I am wondering how safe are my passwords stored in the passwords manager built into Mozilla Firefox. Currently I am using Firefox Quantum 59.0.2 64-bit under Ubuntu 16.04 in one machine. I guess reasons to be concerned about may be various, e.g.:
- Add-ons.
- Other software having access to the filesystem.
- Others?
My focus is now on item 1, and I guess here it is irrelevant which OS I am using, but only the version of FF (is this correct?).
As regards add-ons, this old answer sort of brings a red-alert. Things may have changed since then (even though it seems to me they didn't, as for that answer). This is also worrisome.
My questions are:
- What are the possible mechanisms an add-on can have to: a) read, b) exfiltrate my passwords?

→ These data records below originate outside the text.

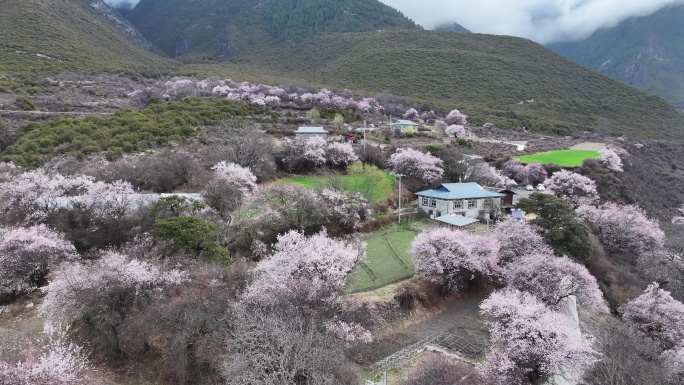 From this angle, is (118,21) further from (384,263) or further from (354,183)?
(384,263)

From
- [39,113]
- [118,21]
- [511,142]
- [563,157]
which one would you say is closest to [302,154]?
[39,113]

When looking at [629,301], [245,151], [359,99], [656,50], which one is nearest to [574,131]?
[359,99]

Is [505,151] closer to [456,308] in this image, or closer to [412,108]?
[412,108]

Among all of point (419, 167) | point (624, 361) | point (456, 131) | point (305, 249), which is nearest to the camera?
point (624, 361)

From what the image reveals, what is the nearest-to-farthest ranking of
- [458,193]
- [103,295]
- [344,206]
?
[103,295], [344,206], [458,193]

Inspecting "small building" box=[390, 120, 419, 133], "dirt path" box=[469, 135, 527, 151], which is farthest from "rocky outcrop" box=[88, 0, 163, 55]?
"dirt path" box=[469, 135, 527, 151]

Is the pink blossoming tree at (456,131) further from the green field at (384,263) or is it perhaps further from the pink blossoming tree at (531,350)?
the pink blossoming tree at (531,350) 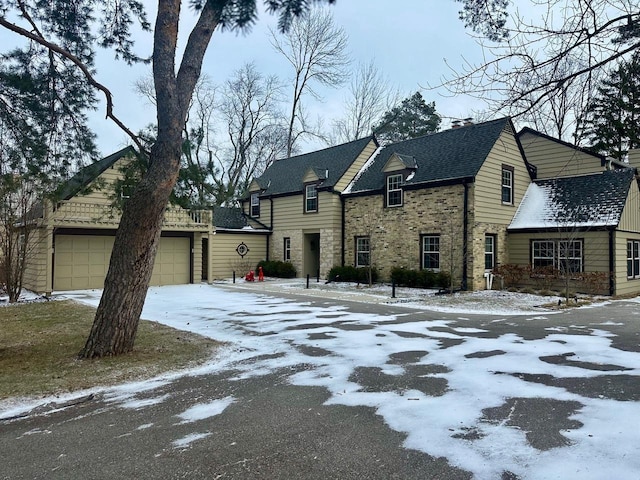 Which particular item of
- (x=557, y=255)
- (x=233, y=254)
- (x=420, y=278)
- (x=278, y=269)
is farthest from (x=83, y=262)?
(x=557, y=255)

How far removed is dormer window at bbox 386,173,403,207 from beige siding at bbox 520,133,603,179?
19.5 feet

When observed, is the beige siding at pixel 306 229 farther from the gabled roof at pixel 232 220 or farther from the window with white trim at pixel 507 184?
the window with white trim at pixel 507 184

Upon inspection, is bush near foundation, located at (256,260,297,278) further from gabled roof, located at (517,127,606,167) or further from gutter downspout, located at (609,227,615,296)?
gutter downspout, located at (609,227,615,296)

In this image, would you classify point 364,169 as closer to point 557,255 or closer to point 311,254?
point 311,254

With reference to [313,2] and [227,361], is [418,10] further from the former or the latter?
[227,361]

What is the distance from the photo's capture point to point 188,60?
7367mm

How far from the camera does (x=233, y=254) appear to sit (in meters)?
24.2

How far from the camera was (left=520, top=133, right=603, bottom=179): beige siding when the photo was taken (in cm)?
1977

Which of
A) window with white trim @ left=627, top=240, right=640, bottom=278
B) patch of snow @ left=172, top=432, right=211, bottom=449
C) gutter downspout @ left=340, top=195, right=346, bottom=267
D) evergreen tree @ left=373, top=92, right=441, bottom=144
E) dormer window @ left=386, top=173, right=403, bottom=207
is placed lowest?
patch of snow @ left=172, top=432, right=211, bottom=449

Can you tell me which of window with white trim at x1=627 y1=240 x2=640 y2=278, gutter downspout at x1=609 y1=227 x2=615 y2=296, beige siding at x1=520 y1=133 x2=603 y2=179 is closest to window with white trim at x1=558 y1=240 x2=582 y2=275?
gutter downspout at x1=609 y1=227 x2=615 y2=296

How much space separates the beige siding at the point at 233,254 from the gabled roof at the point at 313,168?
303cm

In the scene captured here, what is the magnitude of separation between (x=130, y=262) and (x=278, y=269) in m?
17.3

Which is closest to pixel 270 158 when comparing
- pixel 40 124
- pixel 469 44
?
pixel 40 124

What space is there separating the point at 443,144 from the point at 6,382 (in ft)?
60.7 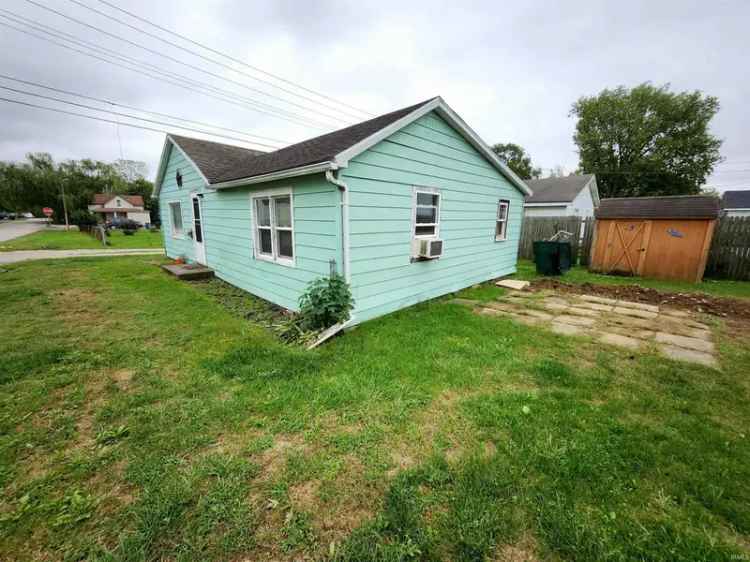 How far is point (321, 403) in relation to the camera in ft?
9.29

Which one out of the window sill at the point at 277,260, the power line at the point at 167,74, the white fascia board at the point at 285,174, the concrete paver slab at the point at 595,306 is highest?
the power line at the point at 167,74

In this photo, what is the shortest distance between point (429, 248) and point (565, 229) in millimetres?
8773

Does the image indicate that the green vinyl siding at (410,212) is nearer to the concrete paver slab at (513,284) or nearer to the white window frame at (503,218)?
the white window frame at (503,218)

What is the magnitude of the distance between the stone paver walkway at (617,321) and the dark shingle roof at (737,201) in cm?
3458

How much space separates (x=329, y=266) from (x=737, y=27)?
769 inches

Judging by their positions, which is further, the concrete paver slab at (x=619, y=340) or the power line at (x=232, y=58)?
the power line at (x=232, y=58)

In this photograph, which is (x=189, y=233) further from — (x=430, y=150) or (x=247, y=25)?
(x=430, y=150)

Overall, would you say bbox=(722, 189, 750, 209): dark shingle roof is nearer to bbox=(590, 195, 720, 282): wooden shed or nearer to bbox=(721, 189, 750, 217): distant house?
bbox=(721, 189, 750, 217): distant house

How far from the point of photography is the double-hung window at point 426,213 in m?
5.66

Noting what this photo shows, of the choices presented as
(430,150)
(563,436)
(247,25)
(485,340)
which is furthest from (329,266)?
(247,25)

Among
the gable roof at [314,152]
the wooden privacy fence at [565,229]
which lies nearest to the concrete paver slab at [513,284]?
the gable roof at [314,152]

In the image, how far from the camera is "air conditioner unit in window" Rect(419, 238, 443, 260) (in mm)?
5605

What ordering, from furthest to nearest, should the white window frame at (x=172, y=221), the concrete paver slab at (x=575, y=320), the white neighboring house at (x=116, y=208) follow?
1. the white neighboring house at (x=116, y=208)
2. the white window frame at (x=172, y=221)
3. the concrete paver slab at (x=575, y=320)

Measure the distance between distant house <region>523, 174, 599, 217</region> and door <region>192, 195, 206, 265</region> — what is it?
1614cm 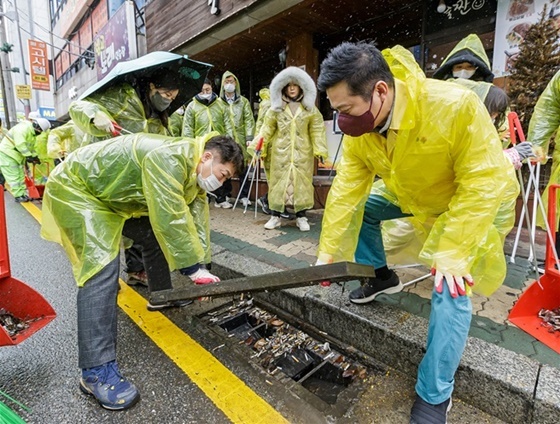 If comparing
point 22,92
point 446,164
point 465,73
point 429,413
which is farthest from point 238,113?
point 22,92

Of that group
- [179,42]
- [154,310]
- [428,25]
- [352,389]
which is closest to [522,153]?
[352,389]

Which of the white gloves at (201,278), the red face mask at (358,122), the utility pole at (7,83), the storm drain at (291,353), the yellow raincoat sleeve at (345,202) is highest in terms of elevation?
the utility pole at (7,83)

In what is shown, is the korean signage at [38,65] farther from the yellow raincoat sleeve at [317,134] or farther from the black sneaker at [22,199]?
the yellow raincoat sleeve at [317,134]

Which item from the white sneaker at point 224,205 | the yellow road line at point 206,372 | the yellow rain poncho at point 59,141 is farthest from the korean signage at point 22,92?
the yellow road line at point 206,372

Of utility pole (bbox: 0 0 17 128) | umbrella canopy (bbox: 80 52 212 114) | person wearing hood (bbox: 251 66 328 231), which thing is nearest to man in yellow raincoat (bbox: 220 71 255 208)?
person wearing hood (bbox: 251 66 328 231)

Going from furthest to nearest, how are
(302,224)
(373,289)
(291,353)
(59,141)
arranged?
(59,141)
(302,224)
(373,289)
(291,353)

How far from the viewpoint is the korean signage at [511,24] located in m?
3.62

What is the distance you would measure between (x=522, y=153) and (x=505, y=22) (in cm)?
266

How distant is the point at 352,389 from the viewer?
174 centimetres

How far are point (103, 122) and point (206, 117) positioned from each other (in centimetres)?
326

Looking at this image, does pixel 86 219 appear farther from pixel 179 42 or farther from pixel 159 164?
pixel 179 42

- What are the easiest ways to make sure (or against the lack of that, arbitrarily trusting somewhat) that is not happening, in each case? I emphasize easiest since, I guess, an extreme answer like "become a specialist in security and code development, and read the add-on code" is always valid... I mean to apply solutions as easy as possible.
- Why wouldn't it be possible to have the same security level with FF as with Keepass (e.g.), if the same encryption algorithm were used? (in Security on passwords stored by Firefox vs password manager I ask about a comparison of algorithms, which is a separate issue).